Thus, theorists usually connect legislation with enforcement, while this connection is not directly emphasized, and in any case is ascertainable to a lesser extent, in decisions of courts of judicature. Very few people, on the contrary, have pointed out the fact that enforcement is connected with legislation not only as the result of the legislative process but also within the very process itself. Those who have a share in that process are themselves subject, in their turn, to the enforcement of procedural rules, and this very fact gives a coercive character to the whole activity of legislation as performed by a group of people according to a previously settled procedure. The same holds true of the activities of electorates, whose task may be defined as that of reaching a group decision about the people to be elected according to procedural rules that have been previously settled for all those participating in the formation of the decision itself.

The existence of a coercive procedure in the decision-making process whenever people are to decide, not as single individuals, but as members of groups, is precisely what renders it possible to distinguish between the process of making decisions on the part of individuals and the same process on the part of groups.

This difference has been ignored by those who, like the English economist Duncan Black, have tried to elaborate a theory of group decisions that would include both the economic decisions of individuals in the market and group decisions on the political stage. According to Professor Black, who has just published a new book about this subject, there is no substantial difference between these two kinds of decisions. Buyers and sellers in the market may be compared, if taken as a whole, to the members of a committee whose decisions are the result of the interrelations of their preference scales according to the law of supply and demand. On the other hand, individuals on the political scene, at least in all those countries where political decisions are taken by groups, may be considered as members of committees, regardless of the special functions of each committee. The electorate could be considered one of these “committees” no less than a legislative assembly or a council of ministers.

In all these cases, according to Professor Black, the preference scales of every member of the committee are confronted with the preference scales of every other member of the same committee. The only difference — but a minor one, according to Professor Black — is that whereas in the market preferences confront each other according to the law of supply and demand, in political preferences the selection of some of them rather than others takes place according to a definite procedure. If we know this procedure, Professor Black maintains, and moreover if we know what political preferences are to confront each other, we are in a position to calculate in advance which preferences will emerge in the group decision, just as we are in a position to calculate in advance, provided that we know the preferences at stake on the market, which ones among them, will emerge according to the law of supply and demand.

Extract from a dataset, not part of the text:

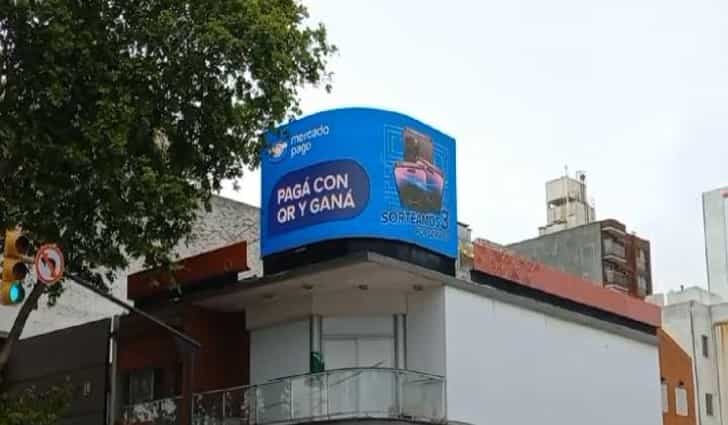 Uruguay DOOH screen 4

As Professor Black assumes, one could speak of a tendency toward an equilibrium of preference scales on the political stage in the same way as one speaks of an equilibrium to which preference scales tend in the market. In brief, we ought to consider, according to Black, both economics and political science as two different branches of the same science, since they have the common task of calculating which preferences will emerge in a market or on the political scene, given a set of known preference scales and a definite law governing their confrontation.

I do not want to deny that there is something correct in this conclusion. But what I do want to point out is that by putting political and economic decisions on the same level and considering them comparable, we deliberately ignore the differences that exist between the law of supply and demand in the market and any procedural law whatever governing the process of confrontation among political preferences (and the subsequent emergence of the preferences to be accepted by the group in its decision), like, for example, the majority rule.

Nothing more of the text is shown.